With the recent release of The Shepherd’s Crown, Terry Pratchett’s final discworld novel following his death earlier in 2015, we’re playing catch-up on the Tiffany Aching series and the first on the list is A Hat Full Of Sky. It’s the second of the five books, following up on 2003’s The Wee Free Men, and it’s another genius Discworld novel from the great fantasy fiction author, weaving together an endearing second outing for the young witch.
Released in hardback in 2004, before going to arrive in paperback the following year, A Hat Full Of Sky takes place two years after the events that took place in The Wee Free Men, which saw her taking on the Queen Of The Fairies. Now 11 years old, she’s a little more experienced as a witch, but in the second story in the series she faces a seemingly unstoppable force in the mind steeling grip of a Hiver.
It’s a daunting figure from the dawn of time itself with an unquenchable thirst for a powerful host mind to take over and when it locks itself on Miss Aching it makes for an impressively sinister opponent. However, luckily, and brilliantly, Tiffany is never really alone as she has the little blue faced, kilt wearing tribe of the Nac Mac Feagle guarding her back, and more than a few capable witches in her corner, including the indomitable force of Nanny Weatherwax.
It’s a lot of fun picking up with so many much loved characters again and the story is a sweeping adventure of yet more coming of age charm, making it an addictive read.
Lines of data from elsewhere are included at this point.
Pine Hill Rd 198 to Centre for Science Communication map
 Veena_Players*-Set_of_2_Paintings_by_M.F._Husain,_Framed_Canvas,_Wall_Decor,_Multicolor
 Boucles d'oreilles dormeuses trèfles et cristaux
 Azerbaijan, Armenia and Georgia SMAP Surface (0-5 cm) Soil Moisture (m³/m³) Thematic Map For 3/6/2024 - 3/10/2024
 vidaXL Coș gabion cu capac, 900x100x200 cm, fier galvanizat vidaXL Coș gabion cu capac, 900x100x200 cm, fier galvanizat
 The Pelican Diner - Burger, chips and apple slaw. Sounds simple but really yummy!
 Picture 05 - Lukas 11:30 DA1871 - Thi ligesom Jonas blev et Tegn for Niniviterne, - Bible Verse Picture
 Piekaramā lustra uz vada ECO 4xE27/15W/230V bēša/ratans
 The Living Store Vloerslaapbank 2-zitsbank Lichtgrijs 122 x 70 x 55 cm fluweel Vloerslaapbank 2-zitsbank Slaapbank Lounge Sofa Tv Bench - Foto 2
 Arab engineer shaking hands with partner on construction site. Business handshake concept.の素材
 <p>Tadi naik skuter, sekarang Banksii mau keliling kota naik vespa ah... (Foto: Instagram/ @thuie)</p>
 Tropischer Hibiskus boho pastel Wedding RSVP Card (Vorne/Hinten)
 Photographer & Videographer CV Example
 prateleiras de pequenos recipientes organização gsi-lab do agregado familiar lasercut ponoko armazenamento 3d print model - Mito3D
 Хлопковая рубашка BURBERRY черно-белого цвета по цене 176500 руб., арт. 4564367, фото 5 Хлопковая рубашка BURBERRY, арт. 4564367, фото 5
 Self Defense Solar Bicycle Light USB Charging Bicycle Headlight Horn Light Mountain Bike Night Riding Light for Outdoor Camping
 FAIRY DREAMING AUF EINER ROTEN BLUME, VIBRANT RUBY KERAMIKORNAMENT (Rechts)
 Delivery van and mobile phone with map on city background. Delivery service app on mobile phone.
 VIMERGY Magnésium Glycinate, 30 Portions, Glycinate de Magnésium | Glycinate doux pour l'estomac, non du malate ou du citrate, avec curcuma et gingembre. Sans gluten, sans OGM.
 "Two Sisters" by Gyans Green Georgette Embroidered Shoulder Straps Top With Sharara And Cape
It’s packed with the kind of wit, humour and fantastical adventure that we’ve come to expect from Terry Pratchett’s Discworld novels, and it reinforces the need to catch up in time to be able to read the latest novel, The Shepherd’s Crown.
It does a lot to develop the central character as she leaves The Chalk – the land she’s known and been a part of all her life – to start her training with an unusual witch called Miss Level, an arrangement that Miss Tick has organised for Tiffany. Finding her feet in unfamiliar surroundings, she faces a lot of challenges, from the humdrum everyday life of being a witch to the difficulties of trying to make new friends, pushing her far outside her comfort zone and testing her first, second and third thought to the extremes.
The presence of the Nac Mac Feagle is always welcome in our book and they’re as mental, funny and ferociously loyal as ever. They’re added to by the introduction of the multi-bodied Miss Level, who also has a lot of good comedy moments. The rest of the witches are the bedrocks of the story, as ever, with yet more stoic wisdom and serious glares from Miss Tick and Nanny Weatherwax.
The creation of the Hiver as the main antagonist of the book is an excellent piece of imagination as its builds just enough dread to raise tension in the fantastical setting of the Disc’s heartland. It stalks like a big cat, hovers like a sinister shadow and crushes like a vice when it finally gets hold of its prey and it makes for a very strong dark force at the centre of the adventure.
A Hat Full Of Sky is a faultless fantasy adventure and while it’s ostensibly a work of young adult fiction, Discworld fans of any age will fall in love with its exceptionally well threaded storyline. It’s one of Terry Pratchett’s best pieces of work, which is no mean feat with so many great books in his back catalogue, and it sets things up very well for the third book in the series, Wintersmith.